• Exercise description:
Read the lines below. Copy out any that hold the string "Double".

• Provided records:
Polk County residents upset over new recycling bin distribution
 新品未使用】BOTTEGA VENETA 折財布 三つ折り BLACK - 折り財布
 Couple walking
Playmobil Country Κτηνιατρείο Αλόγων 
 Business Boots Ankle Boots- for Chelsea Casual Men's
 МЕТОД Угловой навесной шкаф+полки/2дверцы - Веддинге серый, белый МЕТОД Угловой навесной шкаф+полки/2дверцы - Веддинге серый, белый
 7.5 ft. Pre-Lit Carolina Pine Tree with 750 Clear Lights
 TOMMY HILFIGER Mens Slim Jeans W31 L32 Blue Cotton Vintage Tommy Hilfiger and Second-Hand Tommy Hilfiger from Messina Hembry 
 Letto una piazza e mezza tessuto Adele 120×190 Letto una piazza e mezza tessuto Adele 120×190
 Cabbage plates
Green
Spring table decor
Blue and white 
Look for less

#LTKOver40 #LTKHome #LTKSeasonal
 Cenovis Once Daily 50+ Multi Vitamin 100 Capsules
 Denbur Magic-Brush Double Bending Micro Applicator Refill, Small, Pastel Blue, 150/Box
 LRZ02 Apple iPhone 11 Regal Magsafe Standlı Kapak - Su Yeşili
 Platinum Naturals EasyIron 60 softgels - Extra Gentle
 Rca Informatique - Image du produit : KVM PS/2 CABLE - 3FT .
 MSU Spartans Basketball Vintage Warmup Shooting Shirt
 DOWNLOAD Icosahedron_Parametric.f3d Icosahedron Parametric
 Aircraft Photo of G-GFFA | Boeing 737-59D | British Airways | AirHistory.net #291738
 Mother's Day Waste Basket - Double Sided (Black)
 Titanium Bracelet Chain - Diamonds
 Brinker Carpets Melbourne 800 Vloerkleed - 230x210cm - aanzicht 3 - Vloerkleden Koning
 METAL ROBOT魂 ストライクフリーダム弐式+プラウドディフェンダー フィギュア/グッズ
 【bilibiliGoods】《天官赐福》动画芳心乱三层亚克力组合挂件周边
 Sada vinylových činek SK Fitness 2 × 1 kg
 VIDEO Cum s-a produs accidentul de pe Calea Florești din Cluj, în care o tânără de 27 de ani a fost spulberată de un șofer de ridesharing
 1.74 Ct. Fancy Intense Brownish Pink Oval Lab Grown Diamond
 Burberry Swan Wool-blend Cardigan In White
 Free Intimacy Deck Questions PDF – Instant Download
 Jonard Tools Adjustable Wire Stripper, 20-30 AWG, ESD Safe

• Answer to the exercise:
 Denbur Magic-Brush Double Bending Micro Applicator Refill, Small, Pastel Blue, 150/Box
 Mother's Day Waste Basket - Double Sided (Black)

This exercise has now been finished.